Namun, yang memiriskan adalah foto yang kini beredar di media sosial. Tampak Bernadette hanya mengenakan jas hujan plastik. Yang amat tipis itu. Warna biru.
Masker yang dikenakan pun jauh dari standar. Hanya masker biasa. Harganya seribuan sebelum wabah Covid-19.
Sebagai orang yang bertugas di garis terdepan, alat pelindung diri (APD) seperti itu sangat memprihatinkan. Ke mana anggaran negara hingga tidak mampu mengadakan APD yang standar?

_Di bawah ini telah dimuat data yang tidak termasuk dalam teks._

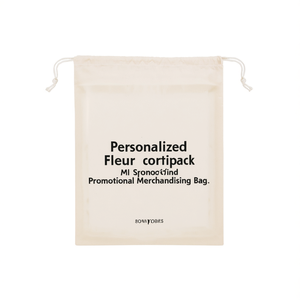 Borsa Sportiva Personalizzata in Cotone con Coulisse, Borsa Promozionale per Merchandising - Product Image 3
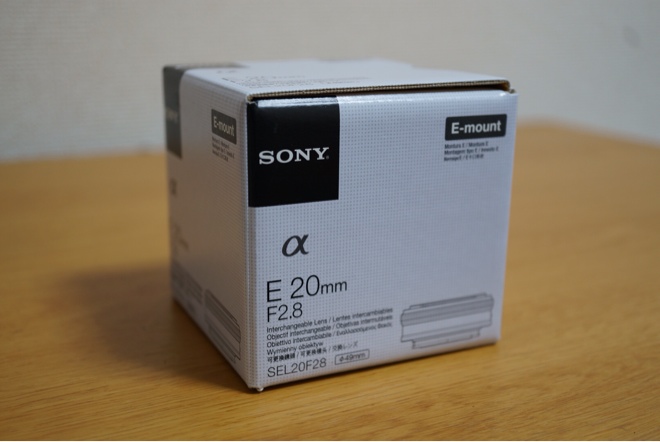 E 20mm F2.8 SEL20F28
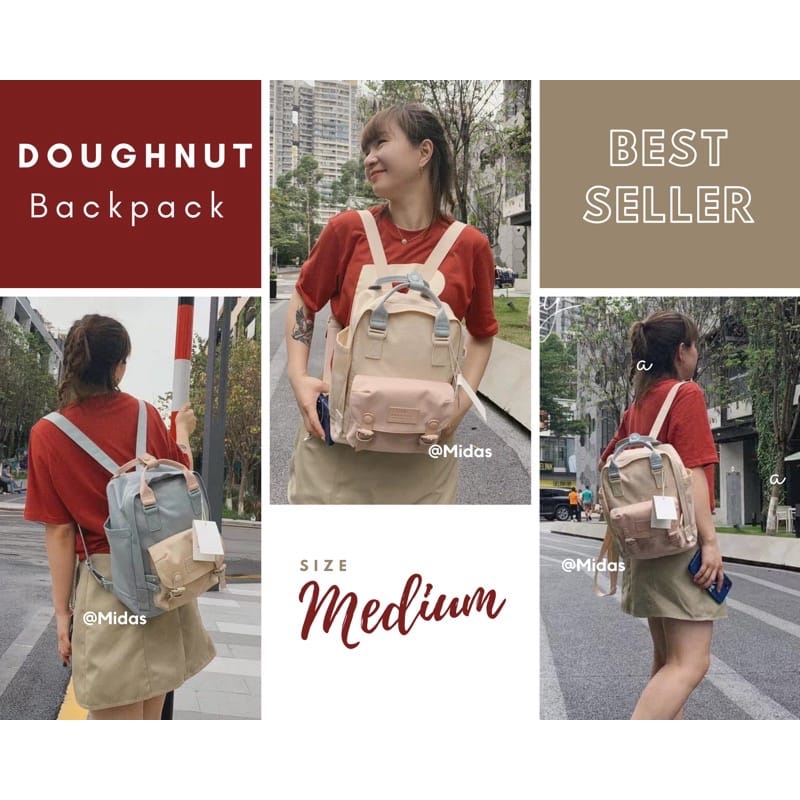 7.7 BIG SALE !! TAS BACKPACK DOUGHNUT MACCARON LARGE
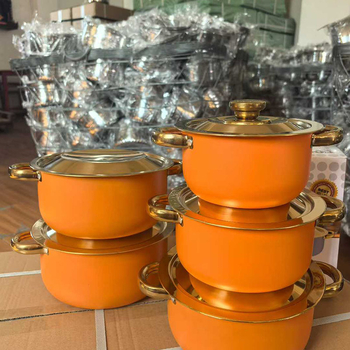 Set de oale din oțel inoxidabil, 4 sau 5 piese, oale de supă cu mâner dublu, aurii, pentru bucătăria de acasă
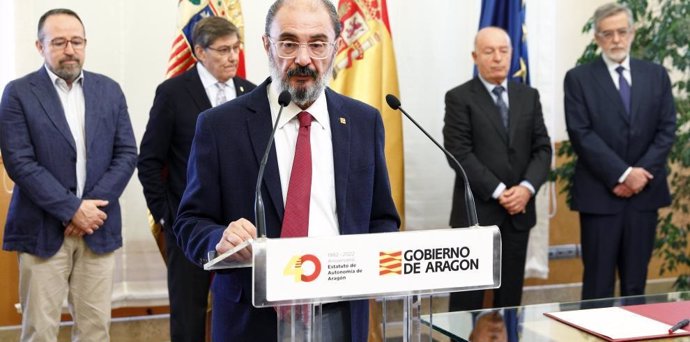 El presidente del Gobierno de Aragón, Javier Lambán.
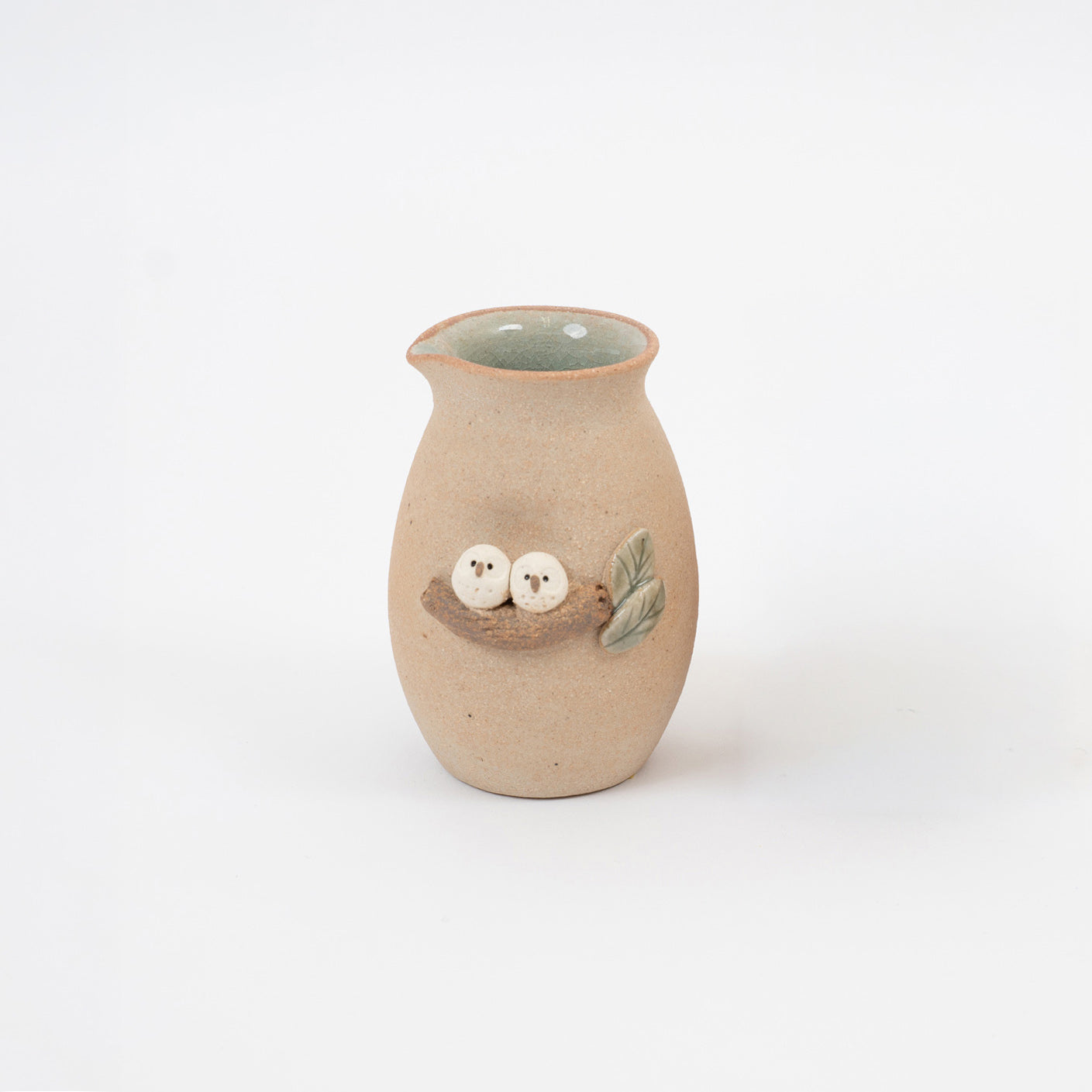 Handcrafted Shigaraki Owl Sake Pitcher inWhite Owl, , – hoccori, made in Japan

Humas PB Ikatan Dokter Indonesia (PB IDI), Halik Malik memastikan orang yang mengenakan jas hujan itu benar dr Bernadette. Dia menduga saat sedang berada di RS Bhayangkara, Makassar.
Halik mengatakan dr Bernadette tidak menangani secara langsung pasien yang terjangkit virus corona. Ada dugaan Bernadette terpapar pada saat melayani pasien di tempatnya praktik.
"Info yang ada tidak menangani secara langsung pasien positif atau PDP Covid-19. Diduga terpapar ketika melayani pasien di tempat praktik," ujarnya.
Halik mengungkapkan dr Bernadette melakukan praktik di dua rumah sakit di daerah Makassar, yakni RS Awal Bros dan RS Bhayangkara.